Senate Ad Hoc Committee investigating Local Content and Cost Variation on the $16 Billion Egina deep sea oil project has discovered how an unqualified company, NOV Oil and Gas Nigeria Limited, got  N50 billion contract from Total Upstream Nigeria Limited, contrary to the Nigeria Oil and Gas Industry Content Development (NOGICD) Act of 2010.

The discovery was made when the Managing director of NOV Oil and Gas Nigeria Limited, Mr.
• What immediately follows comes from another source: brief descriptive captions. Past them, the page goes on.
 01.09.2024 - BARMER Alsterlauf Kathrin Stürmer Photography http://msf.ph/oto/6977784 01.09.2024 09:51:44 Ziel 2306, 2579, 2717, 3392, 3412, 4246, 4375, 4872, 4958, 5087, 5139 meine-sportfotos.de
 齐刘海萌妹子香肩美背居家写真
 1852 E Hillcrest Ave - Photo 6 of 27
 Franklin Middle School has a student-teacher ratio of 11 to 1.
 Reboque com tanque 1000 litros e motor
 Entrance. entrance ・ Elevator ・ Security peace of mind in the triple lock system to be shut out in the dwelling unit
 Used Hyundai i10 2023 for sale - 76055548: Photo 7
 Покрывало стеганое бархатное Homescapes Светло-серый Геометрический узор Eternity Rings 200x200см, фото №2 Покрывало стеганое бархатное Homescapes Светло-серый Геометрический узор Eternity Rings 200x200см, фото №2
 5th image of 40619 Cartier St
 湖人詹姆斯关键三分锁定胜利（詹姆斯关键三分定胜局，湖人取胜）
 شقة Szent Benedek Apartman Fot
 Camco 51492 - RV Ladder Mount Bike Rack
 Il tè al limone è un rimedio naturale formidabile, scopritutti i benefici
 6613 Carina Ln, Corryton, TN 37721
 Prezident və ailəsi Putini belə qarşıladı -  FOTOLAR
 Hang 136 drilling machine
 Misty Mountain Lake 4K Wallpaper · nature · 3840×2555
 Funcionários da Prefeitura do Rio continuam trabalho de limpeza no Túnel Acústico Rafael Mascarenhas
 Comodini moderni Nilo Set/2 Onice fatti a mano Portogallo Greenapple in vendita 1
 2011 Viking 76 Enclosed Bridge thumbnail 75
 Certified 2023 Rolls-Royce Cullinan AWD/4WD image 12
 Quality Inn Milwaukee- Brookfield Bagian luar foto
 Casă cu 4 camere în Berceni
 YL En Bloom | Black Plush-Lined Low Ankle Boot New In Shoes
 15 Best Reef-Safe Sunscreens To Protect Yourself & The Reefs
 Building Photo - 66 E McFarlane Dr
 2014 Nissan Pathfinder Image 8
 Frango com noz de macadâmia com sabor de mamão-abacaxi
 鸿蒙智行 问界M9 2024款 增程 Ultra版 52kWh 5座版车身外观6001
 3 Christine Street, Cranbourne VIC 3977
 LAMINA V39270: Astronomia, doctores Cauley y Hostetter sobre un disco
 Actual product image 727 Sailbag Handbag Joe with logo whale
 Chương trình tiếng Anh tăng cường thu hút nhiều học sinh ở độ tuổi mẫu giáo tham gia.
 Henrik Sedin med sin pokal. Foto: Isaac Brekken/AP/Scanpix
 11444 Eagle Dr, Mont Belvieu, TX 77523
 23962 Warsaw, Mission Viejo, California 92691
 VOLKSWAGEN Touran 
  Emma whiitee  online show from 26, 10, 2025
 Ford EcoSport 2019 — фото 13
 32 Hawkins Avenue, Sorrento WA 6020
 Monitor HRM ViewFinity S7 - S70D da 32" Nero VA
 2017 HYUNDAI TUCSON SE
Bertrand Huet, appeared before the committee, to brief it on its initial $163 million contract from Total, which was later varied to $200 million (N50 billion).

During questioning by the Senator Solomon Adeola panel, yesterday, on the basis of documents submitted by the company, Total Upstream, NAPIMS and Nigerian Content Development Monitoring Development Board (NCDMB), Huet, a French citizen, admitted that he solely owns the company without any shareholding for Nigerians, a fact that completely disqualifies the company from getting such contract in Nigerian oil and gas sector .

By the NOGICD Act of 2010, all such companies operating in Nigeria oil and gas sector must have a shareholding of 51 percent for Nigerians and 49 percent for others, to be given approval by NCDMB, the regulatory body on Local Content law.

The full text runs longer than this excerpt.